Felicia Minei Behr, longtime producer of 'All My Children,' dead at 82 from brain cancer
The award-winning longtime producer of a popular daytime TV soap opera has sadly passed away.
Felicia Minei Behr, who won multiple Emmys for her production of ABC's long-running soap series All My Children, died on Sunday at the age of 82, Deadline reported.
According to her family, Behr was surrounded by loved ones when she succumbed to a five-year battle against brain cancer.
A decades-long career in the entertainment industry
According to Behr's obituary, she was born in 1942 on Long Island, New York, and received training as a secretary when her family was unable to afford to send her to college.
That secretarial training led directly to her decades-long career in the entertainment industry as she landed her first job in 1960 as a secretary for CBS, which served as a steppingstone for her advancement up the ladder at the network while working in various positions on several popular shows of the era.

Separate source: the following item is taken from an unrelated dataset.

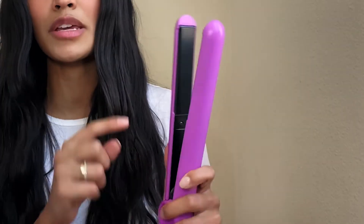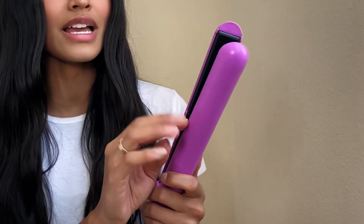The fact that I was able to create this mermaid soft wave look was so impressive to me because there was no creasing involved, which is due to the beveled edges on the styling tool as well as the floating plates — no creasing in any of the styles will occur. And the fact that it's a ceramic styling tool means it glides through the hair really smoothly, so whether you're straightening, curling, or waving, you're not going to have any jagged parts.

Included in her work at CBS was the 1970 launch of "All My Children," which she later followed to ABC, where she was named the executive producer of the program in 1989 and helped make it an award-winning success.
She continued to advance her career at ABC throughout the 1990s and early 2000s and ended up being promoted to the role of senior vice president of ABC Daytime Programming, which granted her control over all of the network's soap operas plus the daytime talk show The View.
An award-winning producer
Per Behr's IMDb page, she was perhaps best known for her production of All My Children, for which she produced a total of 3,538 episodes between 1970 and 1996.
Her work on that program during the 1990s earned nine total Daytime Emmy Award nominations and two wins in '94 and '96 in the "Outstanding Drama Series" category.
Prior to achieving the height of success with All My Children, Behr also produced 1,366 episodes of Ryan's Hope in the 1980s and, afterwards, 175 episodes of As the World Turns in the mid- to late-'90s.
Will be remembered for "warmth, humor, and generosity"
According to Behr's family, "Her storytelling expertise and deep connection with audiences helped create some of the most memorable moments in soap opera history."
The family further noted that she "will be remembered not only for her groundbreaking work in television but also for her warmth, humor, and generosity."
Behr was preceded in death by both her father and mother, Vito Anthony and Frances, as well as her husband of many decades, Robert, who died in 2017.
She is survived, however, by her son and four daughters plus their spouses, along with 10 grandchildren and many more great-grandchildren, nieces, and nephews.